Há quase um mês que o filme está em exibição e a sala estava cheia Fiquei pela segunda fila... da frente.
Pelos críticos, parece não haver razão para tal. Para portugueses, o facto de a banda sonora ter ficado a cargo de Rodrigo Leão é já motivo (mais do que) suficiente para assistir ao filme. Ainda há quem se renda à presença de Oprah Winfrey entre as atrizes. Prefiro uma história, um percurso de vida humana a par da História que tanto tem de oficial como de (re)construção. O argumento não escapa a uma visão típica do "American Dream", não o do "Go West", mas o de uma espécie de realização ("fulfilment") dos desejos humanos expressa desde a Declaração da Independência (1776): "We hold these truths to be elf-evident, that all men are created equal, that they are endowed by their creator with certain unalienable rights, that among these are life, liberty and pursuit of happiness". Todavia, nesta linha de consenso (por mais mítico, ritualizado e retórico que seja) visiona-se o percurso de um herói, nas suas qualidades e nos seus defeitos, a par do fio condutor de uma História (a da América) que muito teve e tem de crítico.
Nascido numa plantação de algodão da Georgia, Cecil Gaines (Forest Whitaker) vive o período de um regime esclavagista que teima em resistir na história americana e que marca a década de vinte do século passado. Abençoado pela proteção que lhe dão (desde a matriarca do patrão branco aos negros com que se cruza na sua fuga para a cidade), Cecil assiste à morte do pai, à loucura da própria mãe, à morte de um filho, à afirmação rebelde de um outro.
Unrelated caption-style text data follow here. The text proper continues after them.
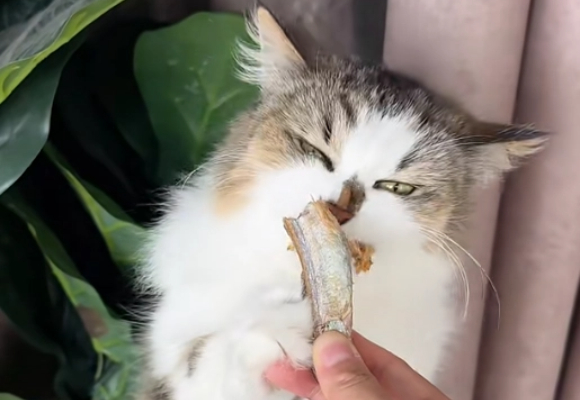 猫零食品牌有哪些?麦富迪全系列测评,这5款让主子疯狂上头! 猫零食品牌有哪些?麦富迪全系列测评,这5款让主子疯狂上头!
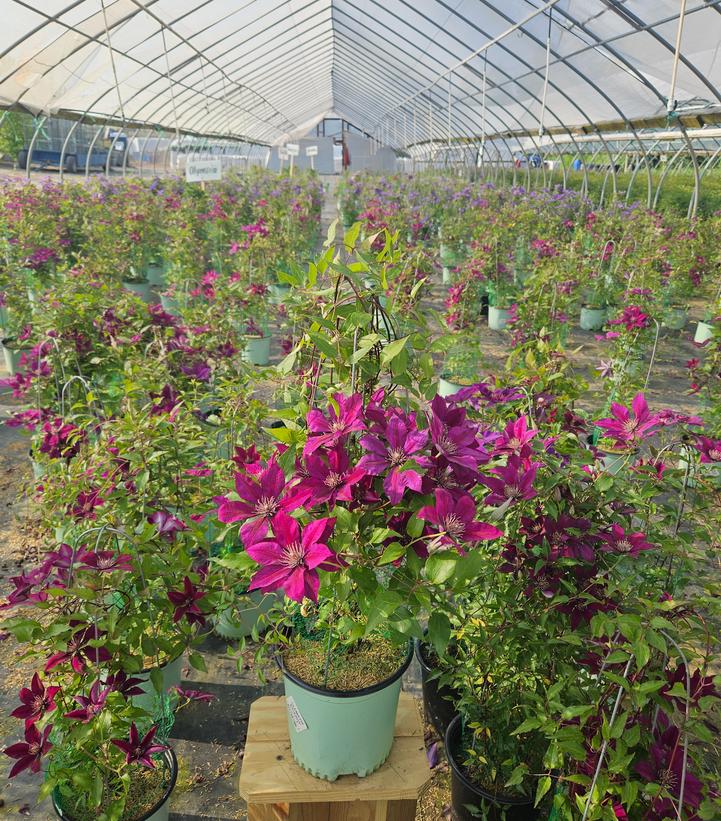 Clematis Boulevard® Picardy™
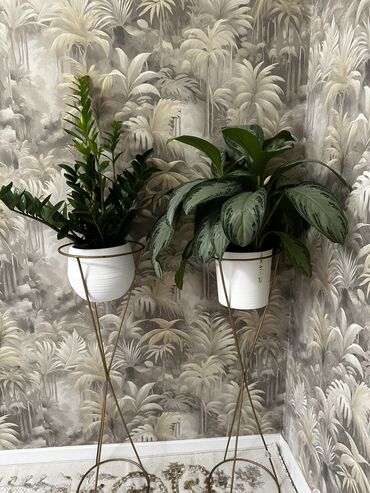 Горшки для растений: 💐Живые комнатные растения, придающие вашему дому особую уютную at lalafo.kg — 10 Горшки для растений: 💐Живые комнатные растения, придающие вашему дому особую уютную — 10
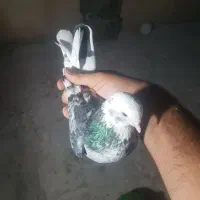 فروش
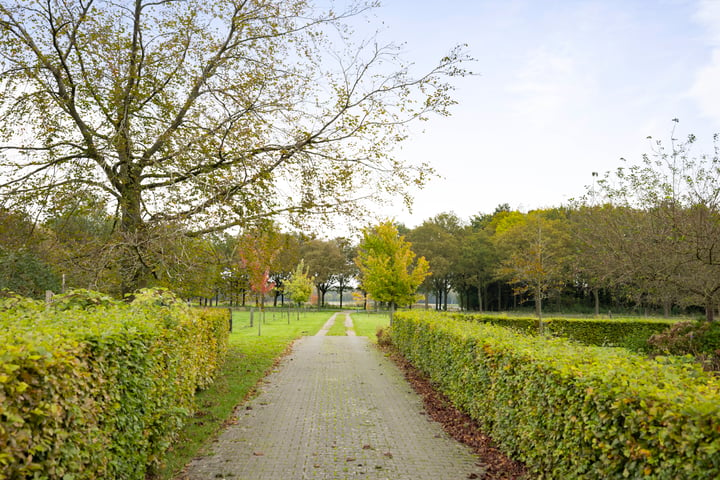 Bekijk foto 33 van Withagenweg 50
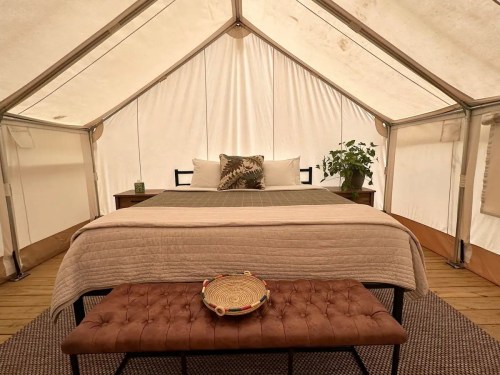Cozy glamping tent interior featuring a bed, decorative pillows, a plant, and a woven basket on a bench.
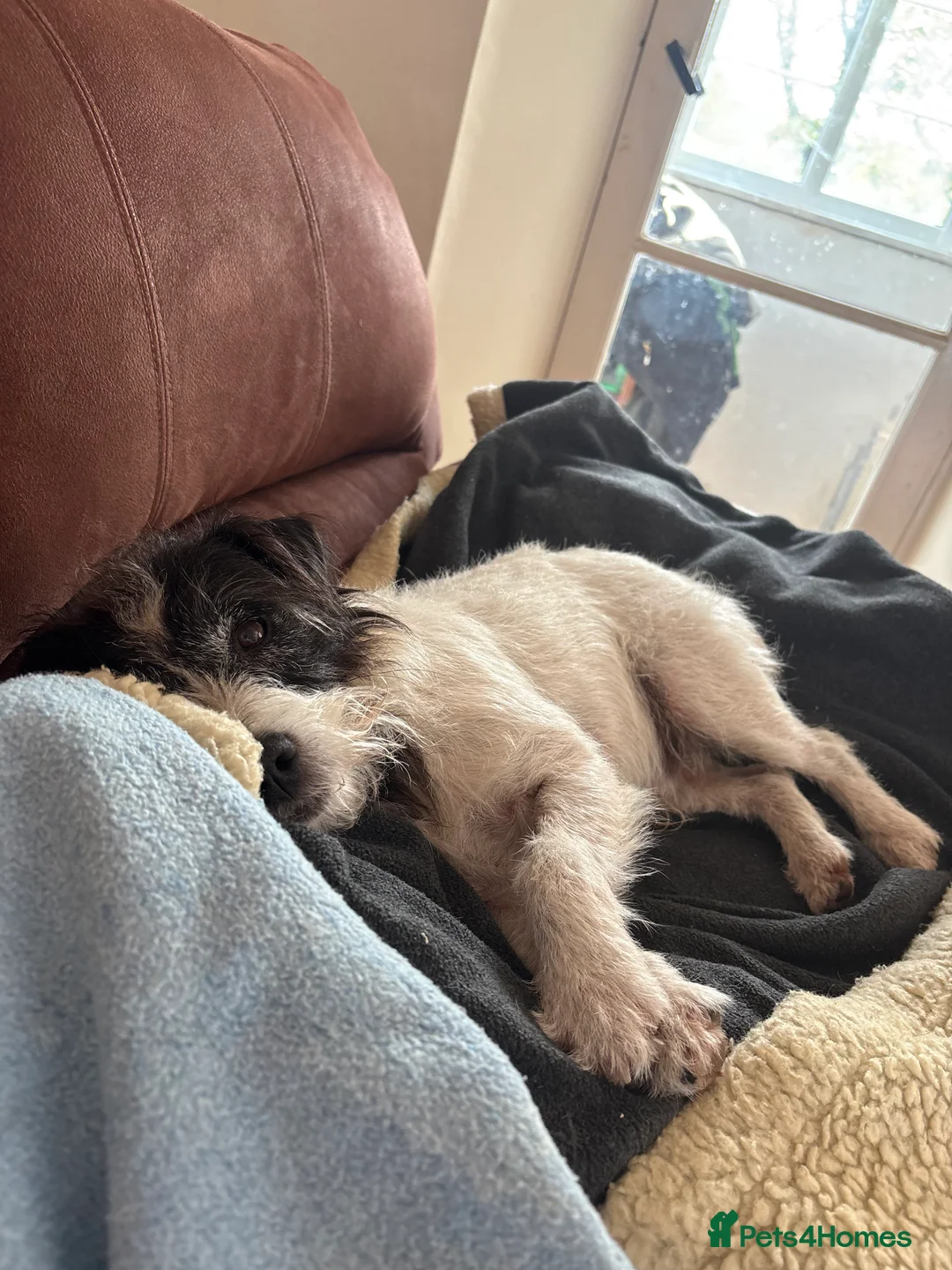 Parson Russell dogs for stud: KC parsons Russell for stud  - Advert 3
Recomendado para servir os brancos nos mais luxuosos espaços, acaba por ser contratado para servir na "White House" como mordomo. Competente, de personalidade afável e atento àqueles que serve, encontrou aí a estratégia para sobreviver numa sociedade e num mundo que maltrataram, perseguiram e eliminaram muitos da sua cor. De Dwight D. Eisenhower (década de 50) a Ronald Reagan (finais da de oitenta), assiste a tudo o que lhe é dado a viver na consciência clara do que é a cara do dever e a sobrevivência da sua própria face. Num inconformismo velado (demasiado para alguns), assim rouba um sorriso aos seus clientes e a todos aqueles a quem serve; conquista a felicidade que nunca sonhara ter; luta pacificamente pelo sentido de igualdade (para si e para os seus) a todo o tempo ameaçado.
Depois de reformado, de ter perdido a mulher (Glória, representada por Oprah Winfrey) e o filho mais novo (Charlie, por Elijah Kelley), vive a realização do dever (bem) cumprido; a reconciliação com o filho mais velho (Louis, por David Oyelowo); a ascensão de um presidente de cor à república do seu país (Barak Obama).
Dos movimentos racistas do Ku Klux Klan às reações dos "Panteras Negras", dos apoios à supremacia da raça branca à afirmação cultural do "Black Power", das histórias e das relações com vários presidentes aos episódios de família, da condição de servir à de ser servido, das memórias que o limitam à discreta esperança que o motiva, tudo trata o filme, com Cecil a resistir, a manter-se na integridade e nas convicções que lhe permitem, no final, caminhar pelos corredores que bem conhece.
Numa realização de Lee Daniels, "O Mordomo" inspirou-se no artigo "A Butler Well Served by This Election", da autoria de Wil Haygood (publicado, em 2008, no "Washington Post") e na verdadeira história de Eugenne Allen. Pelo exemplo de vida, pelo retrato da História e pelo sentido de equilíbrio que perpassa nos vícios e nas virtudes do tempo e das pessoas representdas, vale a pena ver esta película.